CUPE calls off strike, schools to reopen Monday as tentative deal reached with province
Last-ditch negotiations landed a tentative deal between CUPE and the government.
Thestar.com
Nov. 21, 2022
Kristin Rushowy
Robert Benzie
The strike is off -- and school is on.
Last-ditch negotiations landed a tentative deal between CUPE and the government, averting job action by support staff that would have seen hundreds of thousands of children in boards across the province out of class and learning virtually from home.
However, the agreement is largely unchanged from what was on the table before the weekend talks -- with an average wage increase of more than 15 per cent over the four-year contract.
The union was unsuccessful in its push for $100 million for additional support staff, said school boards’ bargaining unit leader Laura Walton, adding the team is taking the contract to the 55,000 members to vote on nonetheless.
“As a mom, I don’t like this deal. As a worker, I don’t like this deal. As the president of the (bargaining unit) I understand what this deal is on the table. I think it falls short,” said Walton, president of CUPE’s Ontario School Boards Council of Unions.
However, she added, she had to do “the right thing as a leader” and take it to the 55,000 early childhood educators, educational assistants and custodians to decide.
The tentative deal provides workers with a $1 an hour raise each year over four years, meaning the lowest paid workers will receive about 4 per cent a year, and those earning more than $70,000 approximately 1.8 per cent a year, sources close to the talks told the Star.
Speaking to reporters at Queen’s Park, Education Minister Stephen Lecce didn’t want to discuss specifics but said “what I can confirm is all parties -- the government union, trustees (associations) -- all of us leave this tentative agreement with positive outcomes from what we were trying to advance. I think all parties have been able to receive some incremental wins.”
Laura Walton, president of CUPE's Ontario School Board Council of Unions, speaks to the media in Toronto on Nov. 16, 2022.
He said, however, “the greatest beneficiary of this deal is our kids who are going to be in school. That’s what matters. This is not about unions winning or government winning. It’s about our kids, and they’re going to be in class.”
He has previously noted that grants to boards for this school year already provided funds for 1,800 additional support staff positions.
News of the tentative agreement came around 5:30 p.m. Sunday, after the two sides had promised to let parents know by 5 p.m. whether support staff would hit the picket lines.
Mediated talks were held at a downtown Toronto hotel last week and over the weekend in the hopes of landing a deal after the government rescinded controversial legislation that pre-emptively banned the support staff from striking and imposed a four-year contract on them using the Charter’s “notwithstanding clause.
CUPE school staff walked off the job for two days, and with the support of organized labour across the country was able to force the government to climb down and repeal Bill 28.
But CUPE’s hopes that organized labour would rally to the union as had happened during the “notwithstanding clause” debacle were dashed Thursday.

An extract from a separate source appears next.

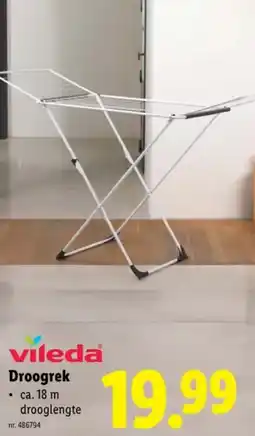Lidl Vileda Droogrek aanbieding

That’s when representatives of eight private-sector unions -- which had endorsed the Tories in the June 2 election and then criticized them for the Charter override -- appeared at a training centre funding announcement with Labour Minister Monte McNaughton and Finance Minister Peter Bethlenfalvy.
That revealed to CUPE leadership that union solidarity wasn’t forever as soon as Bill 28 was off the table.
Even some public-sector unions, which did not back the Tories, were privately telling CUPE to accept the 15.2 per cent over four years that was on offer.
There were concerns in the labour movement that CUPE might overplay its hand after forcing Premier Doug Ford to capitulate earlier this month.
School support staff will begin voting on the tentative deal on Thursday, and Walton said she hoped to wrap things up by the end of the weekend.
Should members reject the deal, CUPE would have to provide five days notice before any job action.
“The entire central bargaining committee wishes we could have moved the government to make the investments in public education that you not only wanted, but that you needed and that your children deserve. That fight does not end with one setback,” Walton said.
“We will keep representing your needs and we will keep fighting for you and with you. Basically, what we have been told by this government is that they are not willing to budge any further. And so at this point, we are bringing it back to the members.”
She acknowledged that the $1 an hour “is more than we’ve maybe seen in public sectors, but I think it also falls very short of what workers need in this current climate.”
However, she added, “when you’re being told by the government that there is no possible way that they’re going to improve, then you have to do the right thing as a leader, which often is very uncomfortable, and you need to bring it forth to the workers to use their voice.”
A source close to the talks said the agreement also promises a task force to look at absenteeism.
School boards were relieved at the news, given many had warned parents to prepare for online learning in the event of a strike.
Cathy Abraham, president of the Ontario Public School Boards’ Association, said “we’re very pleased that students will be in the classroom tomorrow. This tentative agreement recognizes the important contributions of our vital education workers and the significant roles they play in our schools.”
“The tentative agreement ensures that the students in Catholic schools throughout Ontario and the dedicated CUPE staff who serve them will remain in schools Monday,” said Patrick Daly, president of the Ontario Catholic School Trustees’ Association.